Lingasperi Madurai, 55, appeared in the Pinetown Magistrate's Court on Tuesday and was granted bail of R50 000.

It’s alleged that Madurai, who was employed by P & A Fabricators in Pinetown for 27 years, fleeced the company out of close to R2 million by diverting money into several personal bank accounts and disguising it as creditor payments.

Madurai quit her job at the beginning of April when she learnt that both a criminal and an internal investigation were under way. She was arrested on Monday.

This week the court was handed a sworn statement by the company’s human resources administrator, Nosihle Cele, in which she explained that previously she was under the “direct control and management” of Madurai.

In the statement, Cele said she had been authorised by the company’s managing director to assist with the internal investigation into Madurai’s irregular and fraudulent activities and had been given access to all information and documentation relating to such investigations.

Cele said she established in March 2024 that Madurai was inflating her overtime hours and submitting claims to the company for payment. She said this was unusual because Madurai’s salary exceeded the threshold at which an employee could claim for extra hours, as set out in the terms of the Basic Conditions of Employment Act.

“It was also established that the employer did not authorise or consent to Ms Madurai being paid for these extra hours. Ms Madurai claimed these extra hours as if it was part (of) her monthly salary package and loaded it on the system for payment.

“As such, the employer would not have realised her misrepresentation.”

In the affidavit, Cele said during this time Madurai was the head of the company’s financial department and had to oversee all its accounting practices. She also had the authority to load payments onto the company’s online banking platform so the payments could be made. It was Cele who alerted her seniors to the financial irregularities.

Attorney Manoj Haripersad, who has a watching brief for the company, told the Sunday Tribune that so far the company had only gone through statements from 2022 to March 2024 and had already established that Madurai had taken an amount in excess of R1.8m.

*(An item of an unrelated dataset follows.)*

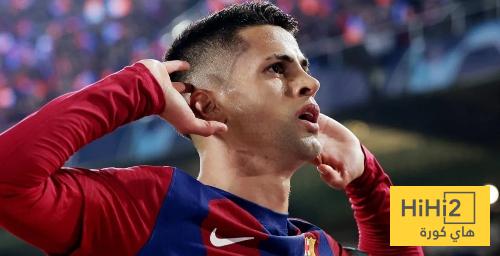 صورة .. كانسيلو يؤكد اقترابه من برشلونة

Haripersaid said: “So in going through their records, they’ve established that these transactions had continued from a period much longer than that. So I think they estimate the value to be much larger than, or substantially more, than what she’s being charged for at the moment.

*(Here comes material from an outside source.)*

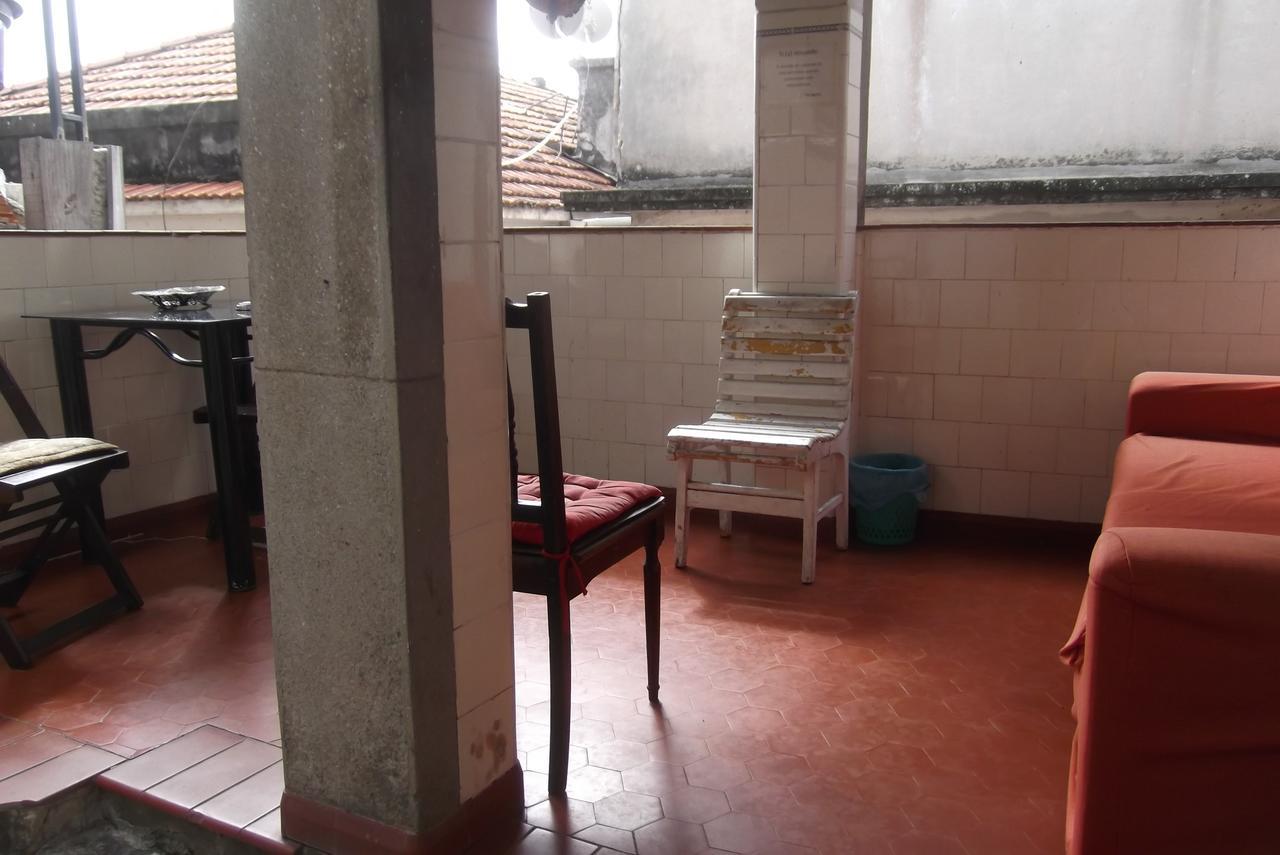 Tiao Botelho Guest House Rio de Janeiro Zewnętrze zdjęcie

“From the transactions, it would appear that there may be other arrests as well in terms of persons that were paid and the way the monies were moved around into her account.

“So basically she would upload payments onto the accounting system, citing creditors as if payments were due to them, and hence the misrepresentation to the employer who released the payments due to the trust relationship, only to find out later that these were not payments to creditors, but payments into one of her many bank accounts that she had.”

The information he gave the Sunday Tribune was evidence that had already been led by the investigating officer during Madurai’s bail application.

It also emerged that apart from paying her tithes with the money she allegedly diverted to her accounts, the accused also made two large donations to her pastor in the company’s name. The pastor has since come forward to make a statement, saying that she believed the payments were donations for books she had written.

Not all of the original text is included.